* [Input]:
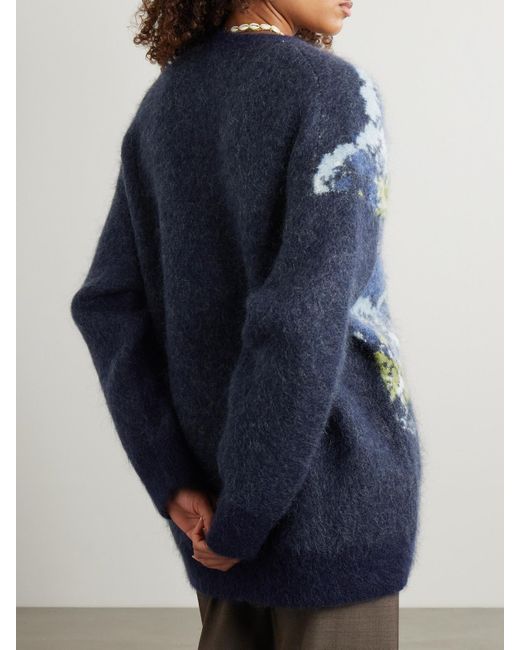 ALÉMAIS Blue Madalena Oversized-Cardigan Aus Jacquard-Strick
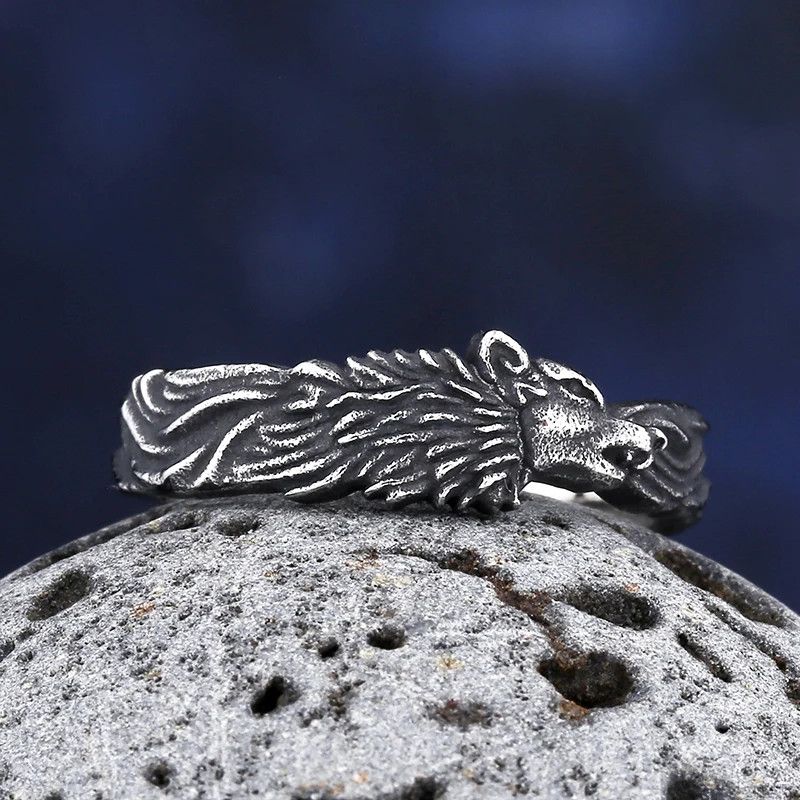 Japanese Brand × Jewelry × Vintage Stainless Steel Wolf Ring Size ONE SIZE - 1 Thumbnail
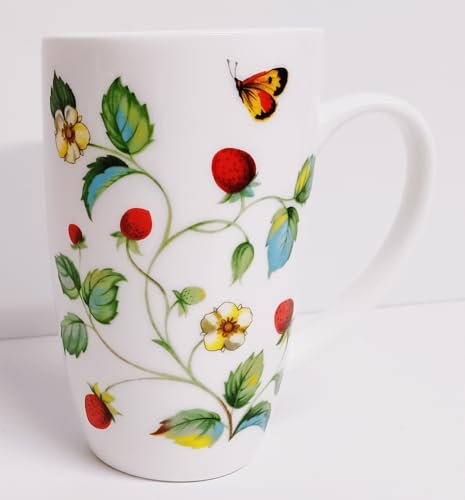 Rainbow Decors Mug en porcelaine anglaise Motif fraises et papillons 425 ml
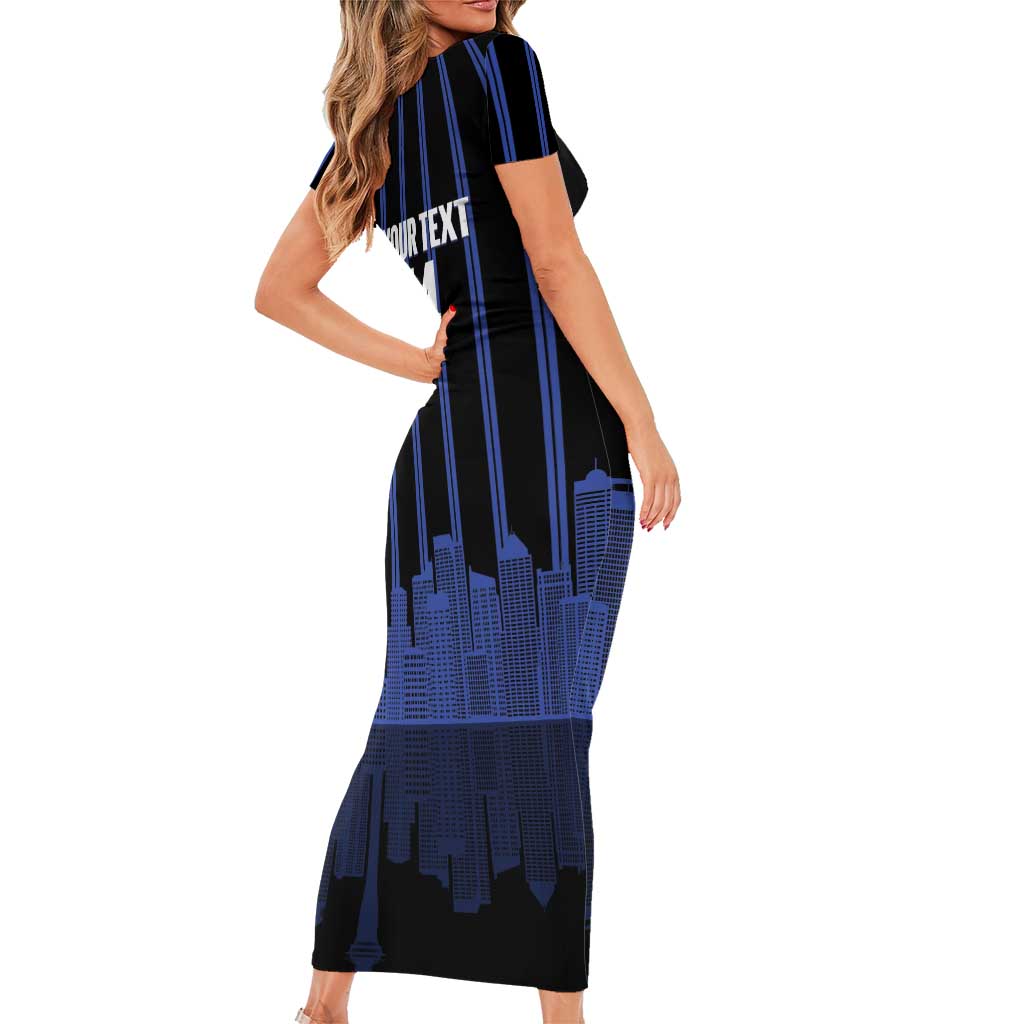 New Zealand Auckland Football Custom Family Matching Short Sleeve Bodycon Dress and Hawaiian Shirt Go City of Sails Est 2025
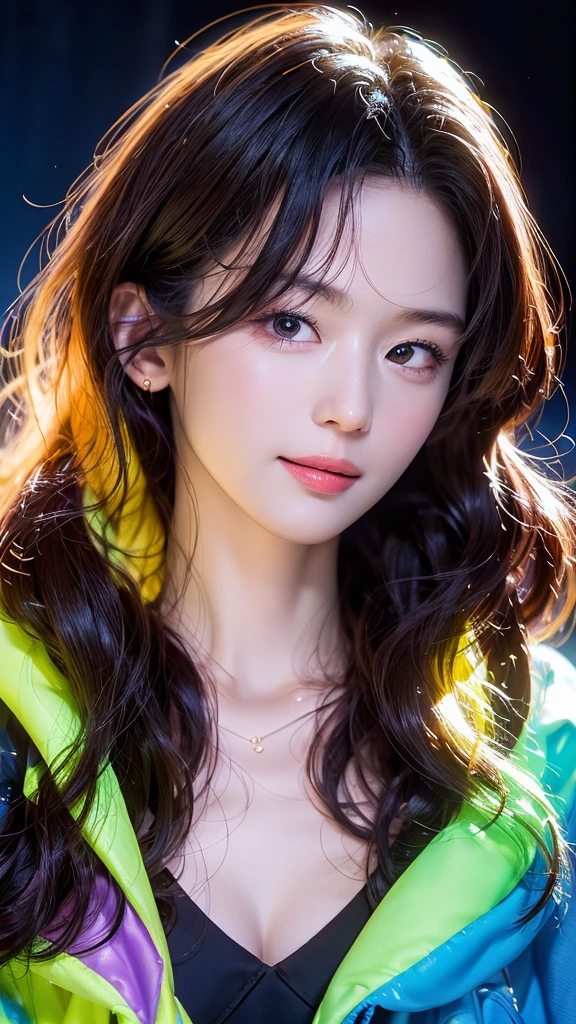 (masterpiece、highest quality、Official Art:1.2)、(colorful)、See who&#39;s watching、1 girl、Portraiture、alone、Colorful floating on water、Random sexy poses、peekaboo、Pointing at cheek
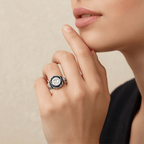 Art Deco Milgrain Brilliant Cut Blue Sapphire Engagement Ring For Women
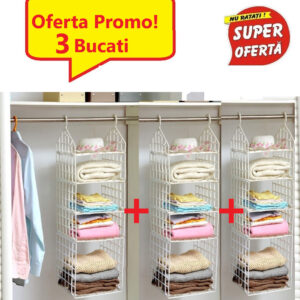 Oferta 3 Bucati x Raft Pliabil Pentru Depozitare cu 5 rafturi, Ideal pentru organizare sifoniere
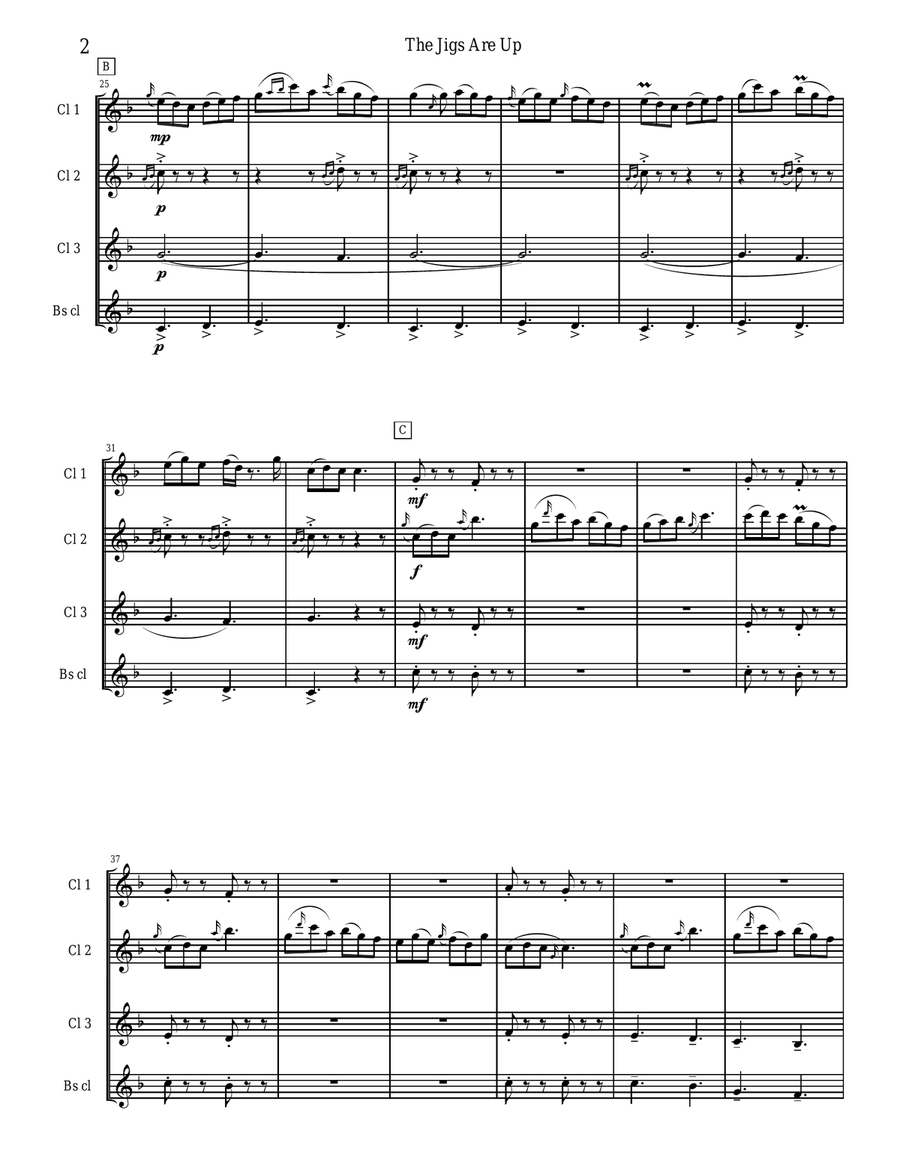 The Jigs are Up - Celtic Music for Clarinet Quartet Clarinet Quartet scores gallery preview page 2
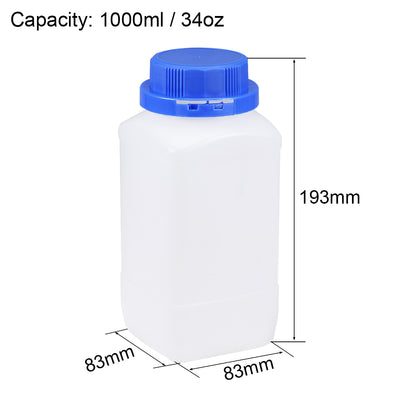 Harfington Uxcell Plastic Lab Chemical Reagent Bottle 1000ml/34oz Wide Mouth Sample Sealing Liquid Storage Container Blue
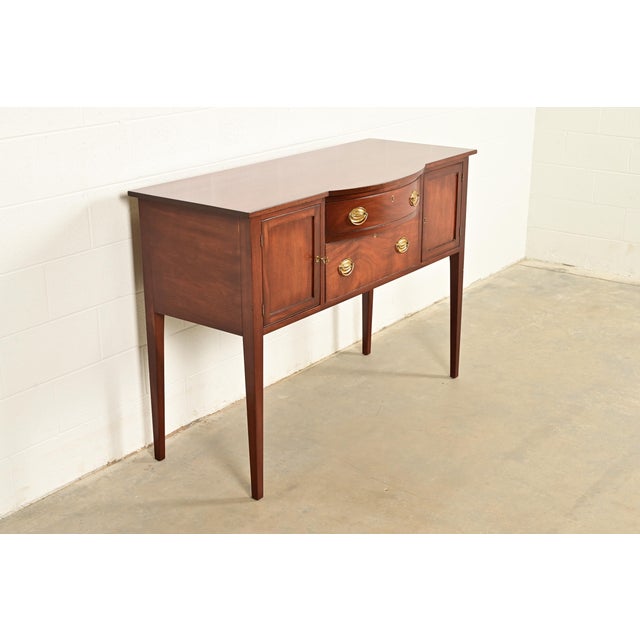 Kittinger Kittinger Federal Mahogany Bow Front Sideboard Credenza or Buffet For Sale - Image 4 of 16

* [Directions for this task]:
Pictures excluded, print only the lines from the one with "The Jigs are" through the end of the entries above, exactly as written.

* [Your response]:
 The Jigs are Up - Celtic Music for Clarinet Quartet Clarinet Quartet scores gallery preview page 2
 Harfington Uxcell Plastic Lab Chemical Reagent Bottle 1000ml/34oz Wide Mouth Sample Sealing Liquid Storage Container Blue
 Kittinger Kittinger Federal Mahogany Bow Front Sideboard Credenza or Buffet For Sale - Image 4 of 16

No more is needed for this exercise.